Can any yanmar 1702 owners advise me what fluid I need in my tractor, l take it I'll need a universal fluid but I'm at a loss what grade. I also would like to know is the hydraulic fluid separate for the lift arms or use the same fluid. If its separate how do I find the level. As you can tell I've no handbook for the tractor, so if you could r
recommend one with relevant information. I've attached 2 photos I showing the what I believe to be the dip and fill point for the transmission.


----------



## Ric1960xo (May 20, 2020)

These are the photos


----------



## Ric1960xo (May 20, 2020)

Could anyone recommend a good handbook to Yanmar YM1702D and where I can buy one please?


----------



## pogobill (Jan 31, 2012)

Welcome to the forum. I think bmaverick can answer all your Yanmar questions. We have a few manuals in our manual section, have a browse.


----------



## winston (Aug 19, 2008)

Ric1960xo said:


> Can any yanmar 1702 owners advise me what fluid I need in my tractor, l take it I'll need a universal fluid but I'm at a loss what grade. I also would like to know is the hydraulic fluid separate for the lift arms or use the same fluid. If its separate how do I find the level. As you can tell I've no handbook for the tractor, so if you could r
> recommend one with relevant information. I've attached 2 photos I showing the what I believe to be the dip and fill point for the transmission.


I use Tractor Suppcus


Ric1960xo said:


> Could anyone recommend a good handbook to Yanmar YM1702D and where I can buy one please?

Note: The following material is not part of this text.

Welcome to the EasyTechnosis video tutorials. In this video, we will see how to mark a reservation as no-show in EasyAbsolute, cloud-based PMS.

https://www.hoyetractor.com/PROD/YANMAROM.htm

I use Tractor Supply Traveler brand. https://www.tractorsupply.com/tsc/p...al-tractor-trans-hydraulic-fluid?cm_vc=-10005

The transmission case is the reservoir for the shared fluid for transmission and hydraulics.


----------



## bmaverick (Feb 20, 2014)

Ric1960xo said:


> Can any yanmar 1702 owners advise me what fluid I need in my tractor, l take it I'll need a universal fluid but I'm at a loss what grade. I also would like to know is the hydraulic fluid separate for the lift arms or use the same fluid. If its separate how do I find the level. As you can tell I've no handbook for the tractor, so if you could recommend one with relevant information. I've attached 2 photos I showing the what I believe to be the dip and fill point for the transmission.

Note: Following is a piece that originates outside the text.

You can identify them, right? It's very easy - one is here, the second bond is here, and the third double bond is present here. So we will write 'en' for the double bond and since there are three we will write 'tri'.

EZ. J20C is the hydraulic transmission fluid to use. The YM-Series of tractor is also the John Deere 50-Series tractors, just painted JD green.  

J20C meets and exceeds all of the Yanmar requirements. Store brands like TSC, Farm & Fleet, Rural King also have their fluids, just read the jugs to ensure it meets the J20C requirements. FYI, the Ford/New Holland and CASE fluids are DIFFERENT. Thus, do not use them. 

On the Yanmar Tractor Users Group found here has a large community to help you. https://yanmar-tractor-owners.groups.io 

Also, this forum here is a great help as well. It just depends on what you are after at the time.


----------